Search code examples
rdplyrmediansparklyr

Using summarize_all() to find median on sparklyr data


I am trying to get summary statistics for data in r that I pulled using sparklyr, including mean and median. I can get all my stats by manually typing everything out in a dplyr::summarize() step, but would like to know if there is a way to do this using a summarize_all() statement.

Manual attempt works:

test<-data%>%
    dplyr::summarize(count=n(),
                     mean_c1=mean(column1,na.rm=TRUE),
                     mean_c2=mean(column2,na.rm=TRUE),
                     median_c1=percentile(column1,.5),
                     median_c2=percentile(column2,.5))

Summarize_all() attempt works without calling percentile for the median.
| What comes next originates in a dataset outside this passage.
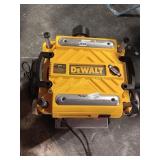 DEWALT 18' THICKNESS PLANTER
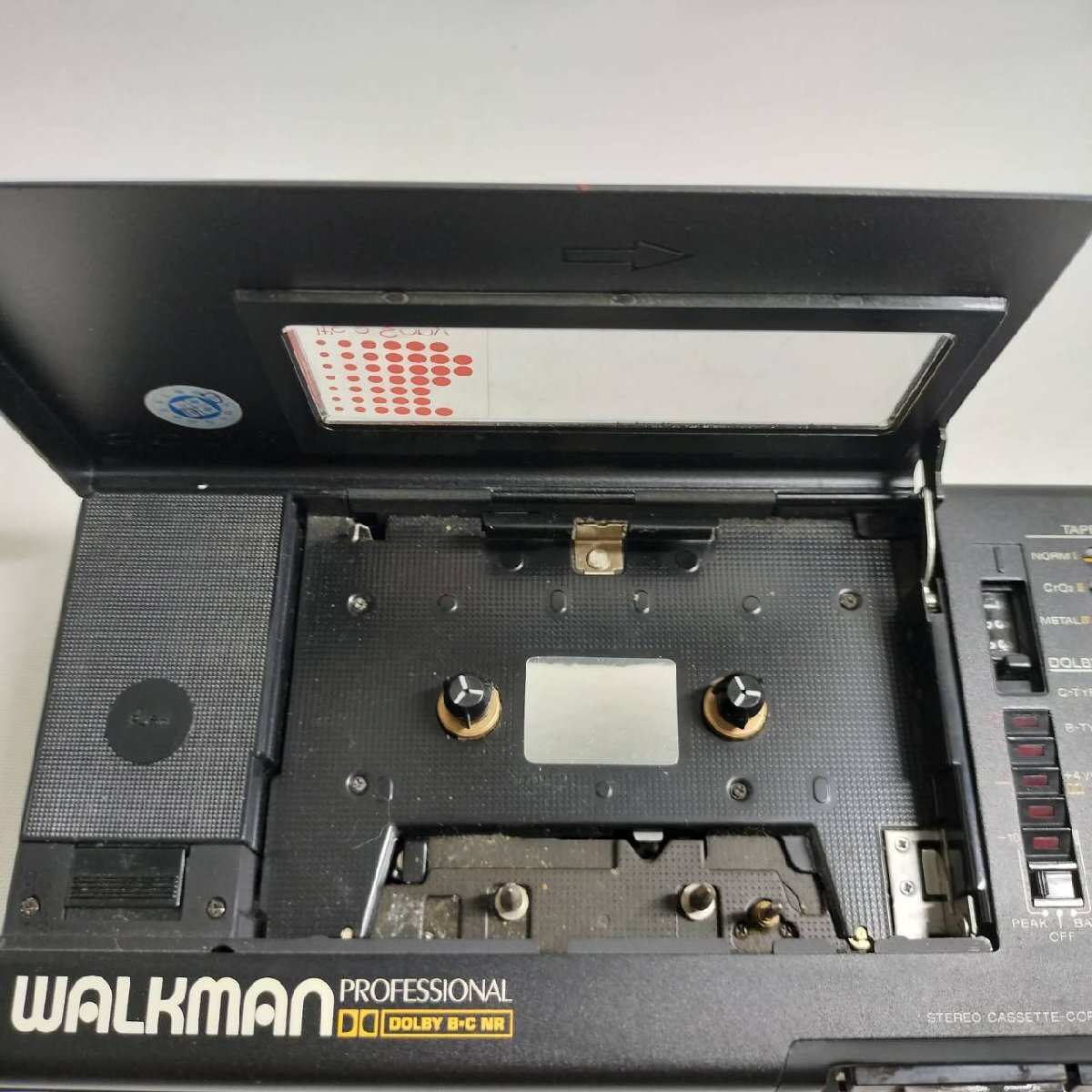 【現状品】『4-529』SONY ソニー WALKMAN ウォークマン WM-D6C　専用ソフトケース付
This gets me count,mean, min, max for my data (vars is a vector of column names)

test<-data%>%
    select(vars)%>%
    dplyr::summarize_all(list(count=~n(),mean=mean, min=min,max=max))

But I get errors when I try to add median into the mix- it no longer recognizes the percentile command, which is a Hive function and not an r/dplyr function. ("Error in inherits(x, "fun_list") : object 'percentile' not found")

test<-data%>%
    select(vars)%>%
    dplyr::summarize_all(list(count=~n(),mean=mean, min=min,max=max,median=percentile),probs=.5)

I tried using quantile instead of percentile (which is how I would do this with a data frame), but it errors out when I call the 'test' table.

Is it possible to get median for a spark table in r using the summarize_all() command? Or will I have to do it more manually?


Solution

  • The glue package solved my problem.

    library(rlang)
    library(glue)
    
    vars<-tbl_vars(data)
    eq3<-glue("percentile({vars},.5)")%>%
        setNames(paste0(vars,"_median"))%>%
        lapply(parse_quosure)
    test<-data%>%
        dplyr::summarize(!!!eq3)